Investments Eligible for Deductions under section 80C of Income Tax Act 1961
1. LIP (Life Insurance Premium)
The deduction for life insurance premiums is allowed for deduction Under Section 80C of Income Tax Act 1961. The premium for the life insurance policy must be paid in the name of the individual, their spouse, or any of their children in the case of an individual, or in the name of any HUF member in the case of HUF.
2. Fixed Deposit
The majority of people invest in FDR, but did you realize that you may also claim deduction Under Section 80C of Income Tax Act 1961? Yes, if you open a five-year fixed deposit account with a bank or post office, you are eligible for income tax deductions under this section. There is a requirement for a minimum deposit of Rs. 1000. The deduction will be added back to your income if you break the FD before the five-year lock-in term ends. Section 80C allows for a deduction of the invested amount; however, interest and withdrawals are subject to tax. Seniors who earn interest under Section 80TTB are eligible to get tax benefits of up to Rs 50,000.
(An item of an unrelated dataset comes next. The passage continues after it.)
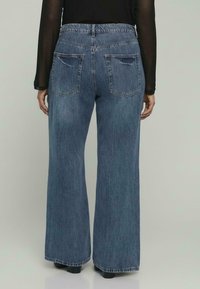 Jeans in denim blu a gamba larga con vita alta, dotati di due tasche posteriori e una delicata finitura sbiadita. Dettagli del cinturino e dell'orlo cuciti.
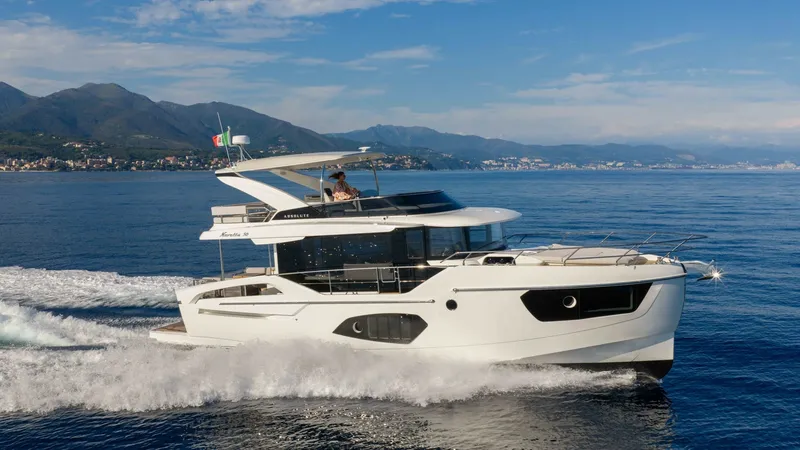 Slide: The Image of Side Profile in Motion This image showcases the sleek side profile of the 2027 Absolute Navetta 50 gliding effortlessly through the water. The yacht's modern design features expansive windows, providing ample natural light and stunning views. Its distinctive hull and elegant li - 7514487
3. PPF (Public Provident Fund)
Under Section 80C, this is the safest alternative for investing. There is a Rs. 500 minimum deposit and a Rs. 150,000 maximum deposit limit per year. A portion of the funds in the PPF account may be used after seven years, but the account matures after fifteen. It is tax-free at the time of investments, returns, and withdrawals, which means it is EEE-rated. In the case of a resident individual, you may invest in the name of yourself, your spouse, or any of their children; in the case of a HUF, you may invest in the name of any member.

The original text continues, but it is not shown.